Richard Gould says England will not reach for the reset button despite the bruising winter in Australia. The ECB chief executive confirmed on Monday that Rob Key stays as managing director, Brendon McCullum as head coach and Ben Stokes as Test captain following a board-led look at the 4-1 Ashes defeat.
“This is not the time to throw everything out,” Gould explained during a media call at Lord’s. “Moving people on can sometimes be the easy thing to do. That’s not the route that we’re going to take. I’ve seen the driving ambition and determination that we’re lucky enough to have within our leadership group to take the lessons from the Ashes and move on forward… It may not be the popular route. It may not be the easiest route. But I think it’s the right route.”
Gould ordered the review within hours of the final Test in Sydney finishing in January.

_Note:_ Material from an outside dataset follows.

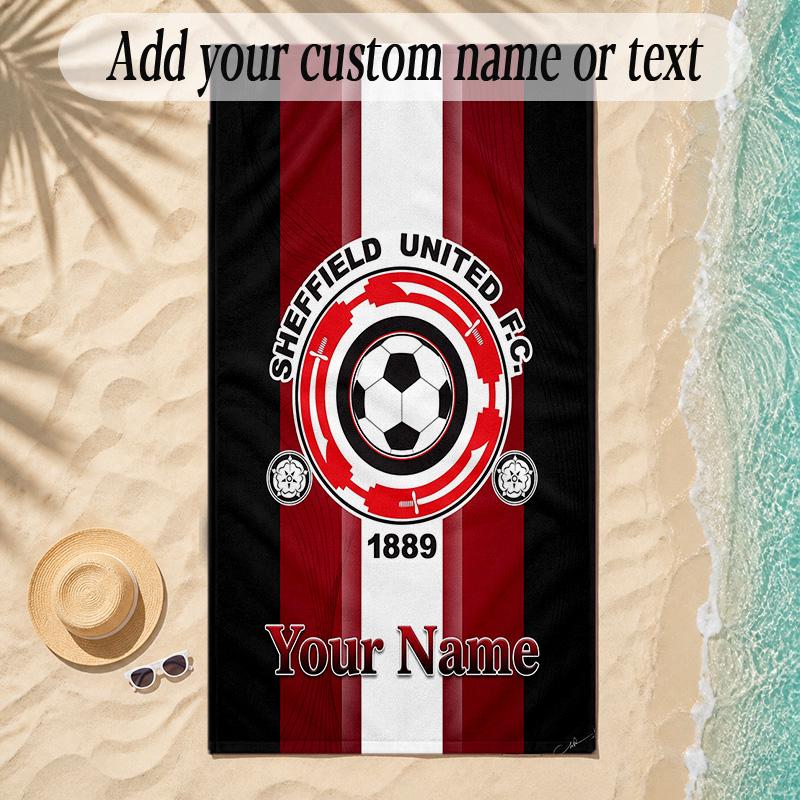 Beach TowelSheffield United FC Custom Name Text Personalized Soft Towel for Beach Pool Indoor Home Decor Gift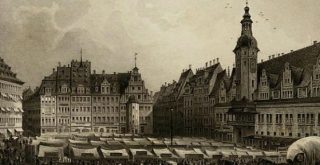 השוק בלייפציג. 1850 (מקור: ויקיפדיה)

While he admits he “gave a lot of consideration” to whether the hierarchy was the right blend, the conclusion is that tweaks rather than sackings are the answer.
Key points from the review
• No bust-up between McCullum and Stokes, according to the ECB
• A call for England to be “ruthless and relentless” when ahead
• Longer-term planning before marquee Test series
• A frank admission that some player behaviour was “unprofessional” this winter
• Selection to carry more “consequence” for repeat under-performance
• Closer links with county cricket promised
The scrutiny on McCullum had intensified after his punchy post-series remark that he was not “being told what to do”. With two years left on his deal, removal would have been costly, but Gould also hinted that England’s solid T20 World Cup showing helped the coach’s cause. “We have seen that there are ways that we can do things in a different way and ensure that we’ve got more options,” he said. “We don’t want to be painted into a corner by being perceived that we can only do things in one particular way… There is the belief that we can adapt, and I think we’ve seen good evidence of that and we will continue to drive that forward.”

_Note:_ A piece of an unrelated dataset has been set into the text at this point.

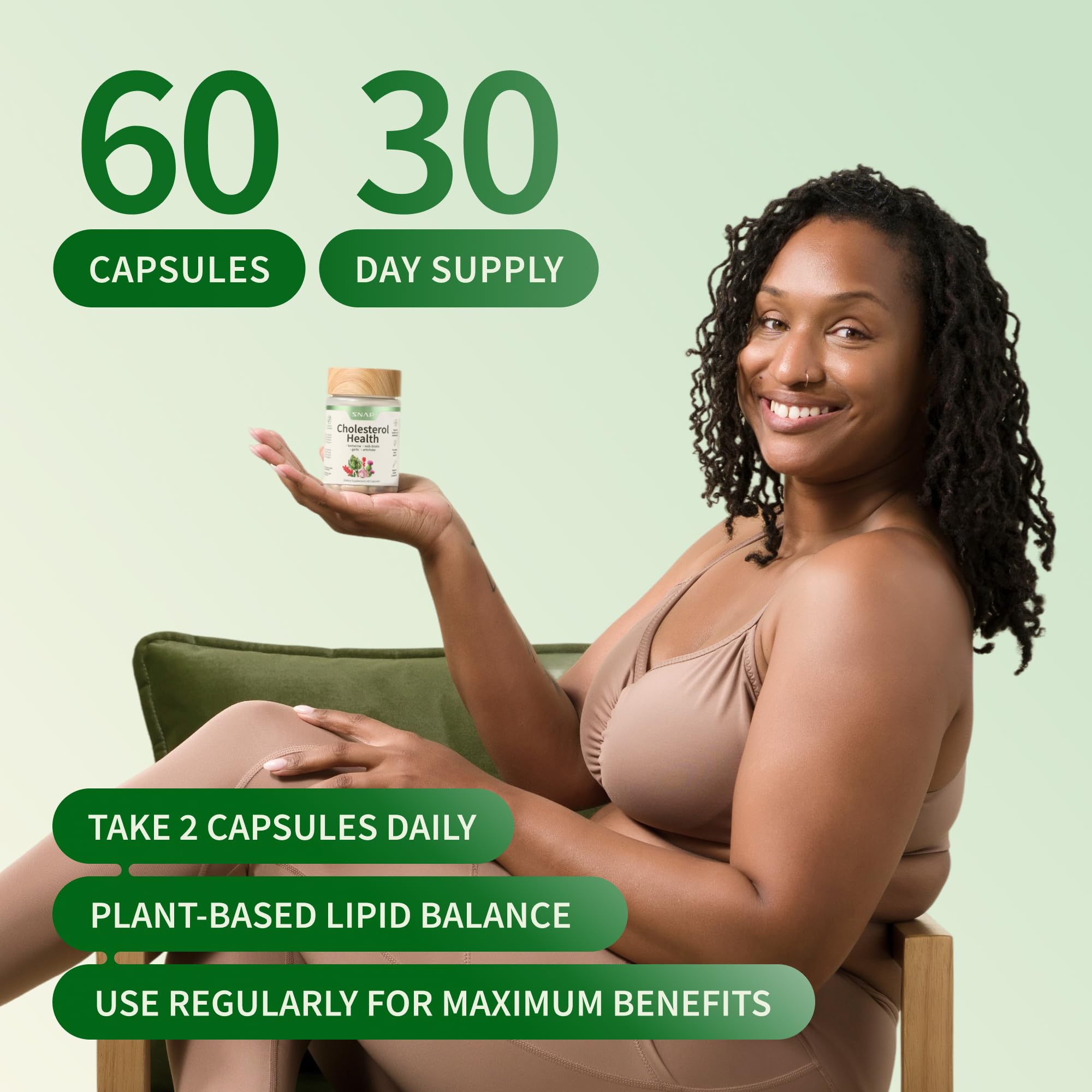 Snap Supplements Cholesterol Health plant sterols highlighting fat metabolism.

Gould, son of former football manager Bobby, drew a comparison with the revolving-door culture in football. “Cricket is a very unique sport in that it takes a team of leadership,” he argued. “It’s not like football, where there’s a single point of failure or success with a manager, and so it’s always a blended solution.”

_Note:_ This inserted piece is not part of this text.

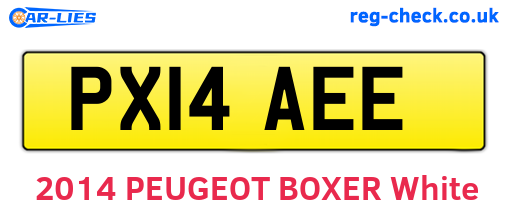 PX14AEE are the vehicle registration plates.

Even so, tensions surfaced over tactics during the series. McCullum doubled down before the third Test in Adelaide, saying England needed to play with greater “conviction”. Stokes countered later that their approach may have become “predictable”. Exactly how those views knit together over the next 12 months will shape England’s push to regain the Ashes in 2027.
For now, incremental change rather than upheaval is the instruction from the top. The coming summer – starting with West Indies at Lord’s – should offer the first clues as to whether continuity can indeed breed success.